With a snap of his wrist, he redirected the blade and sent it into the man’s mouth, widening it well beyond the point of his largest yawn and ending his life before he could even begin to scream. The blade briefly caught against the back of his throat, but as the body dropped to its knees, its head flipped backward one hundred and eighty degrees, freeing it from its fleshy prison.
Scott placed his right hand on the bottom half of the sword’s handle and turned the blade before his eyes so that he was looking across it at the remaining attacker. Or was he a victim? Did it matter?
He narrowed his eyes and adjusted his stance as the other continued his approach. The man in leather was screaming, but he couldn’t hear him. He could only hear the sound of his own blood rushing in his ears. He couldn’t see him. He could only see the face of Tommy leering back at him.

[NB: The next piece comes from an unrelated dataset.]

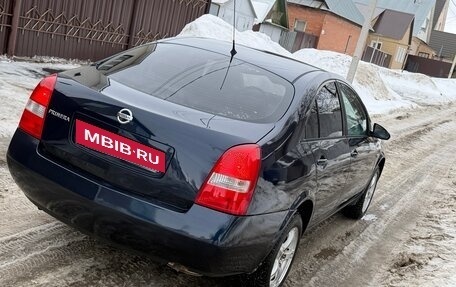 Nissan Primera III, 2006 год, 450 000 рублей, 4 фотография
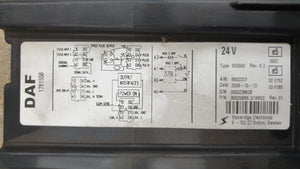 SE5000 Digitale Stoneridge tachograaf / Daf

The man in leather had drawn a switchblade at some point and led his attack with it in his right hand. He was fast, much faster than Scott, and the blade got past his guard. Unfortunately for the biker, he came in at an angle, rather than with a thrust. If he had only thrust, he might have stood a chance. The blade glanced off of the chain links, the impact jolting it loose from his grasp, and he stumbled.
The wakazashi shot up into the air and before the other could turn around, it took the man’s left arm off at the shoulder. It fell to the ground with a meaty thump. Scott flinched as the blood sprayed from the man’s shoulder, covering him from his face to his belt-line in the seconds that followed. The other screamed, but only once before he lost consciousness. Scott didn’t know it, but he was dead with-in minutes of closing his eyes.
He was at the end of the alley when he heard the screams behind him.
“Damn,” he spat, but the other only wallowed in the adrenaline rush that coursed through his veins. He may have been discovered, but it wasn’t over by a long shot.